Les caquistes sont meilleurs pour trouver des coupables.

Le ministre fédéral de l’Environnement, Steven Guilbeault, est accusé d’ingérence parce qu’il veut protéger le caribou. Pourtant, il ne fait que son travail. La protection des espèces est une compétence partagée.

On laisse entendre que si M. Guilbeault défend les caribous, c’est pour faire oublier l’approbation par le fédéral du projet pétrolier Bay du Nord. Même si le gouvernement Trudeau est content de parler d’autre chose, ce n’est pas de l’opportunisme. Son approche n’a pas changé. L’année dernière, il avait adopté un décret d’urgence pour sauver la rainette faux-grillon alors qu’il y avait peu de gains politiques à le faire.

En plus de M. Guilbeault, Pierre Dufour s’est trouvé un autre méchant : les Autochtones. Il accuse la communauté innue de Nutashkuan, sur la Côte-Nord, d’avoir tué 50 caribous forestiers, soit 10 % du cheptel.

Certes, cette chasse est inquiétante, et Québec a raison d’enquêter. Mais M. Dufour a été d’une incroyable maladresse. Des communautés se battent pour sauver cette espèce vitale à leur culture. Par exemple, à Pessamit, la chasse a été interdite.

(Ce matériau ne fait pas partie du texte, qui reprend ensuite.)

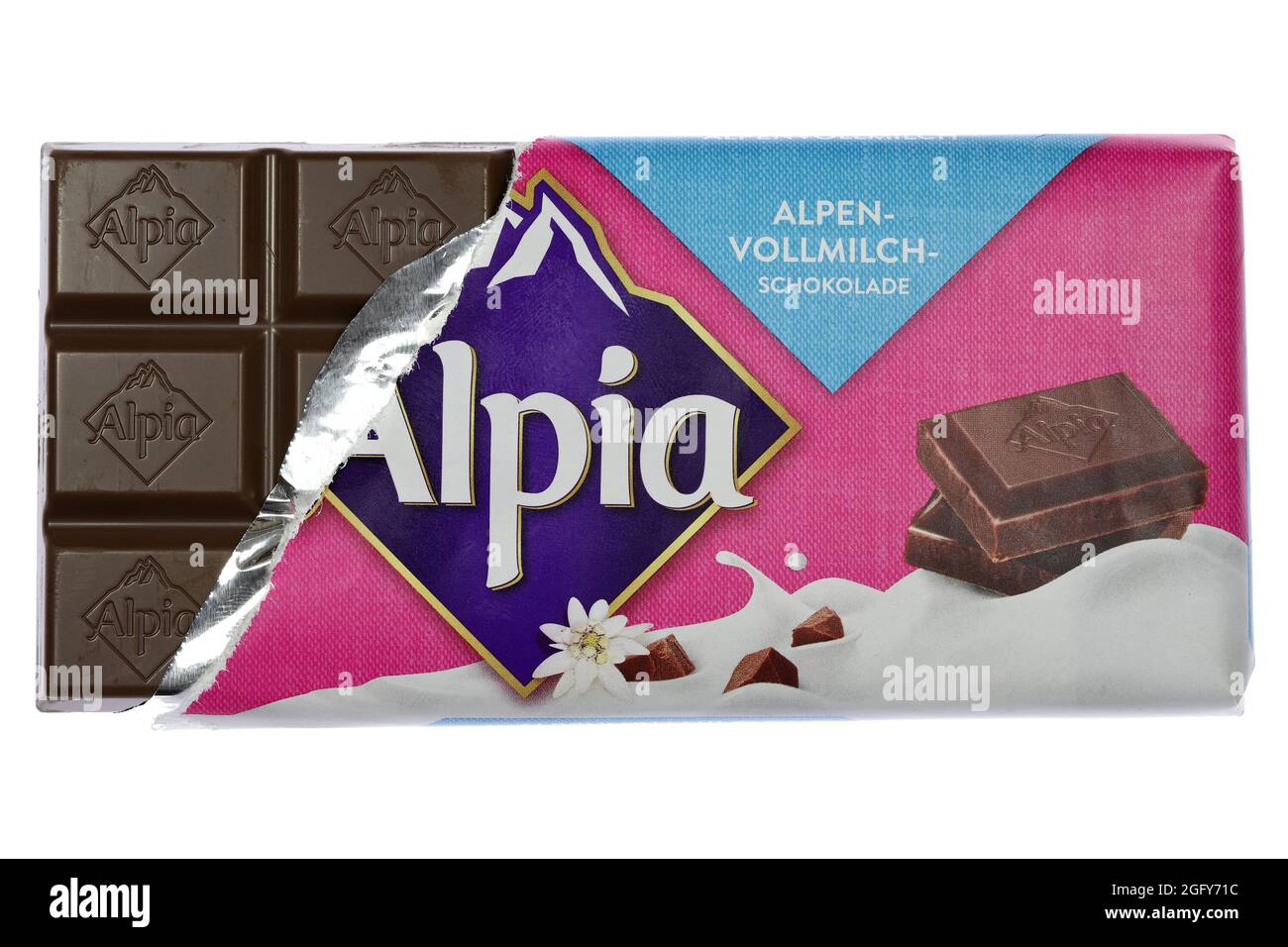 Alpia Alpine Milk chocolate isolated on white background Stock Photo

Les Premières Nations réclament aussi des aires protégées afin de sauver le caribou, mais le ministre en bloque.

Le caribou et le calcul de la possibilité forestière se ramènent à une même idée : considérer cette ressource comme faisant partie d’un écosystème et l’exploiter de façon durable.

Mais à en croire le gouvernement caquiste, respecter les institutions et la science, ce serait un caprice de militant.

À son discours d’ouverture en novembre 2019, M. Legault promettait de ne pas gouverner le Québec en fonction des « groupes d’intérêt » comme un lobby industriel.

Voilà une promesse qui vieillit mal.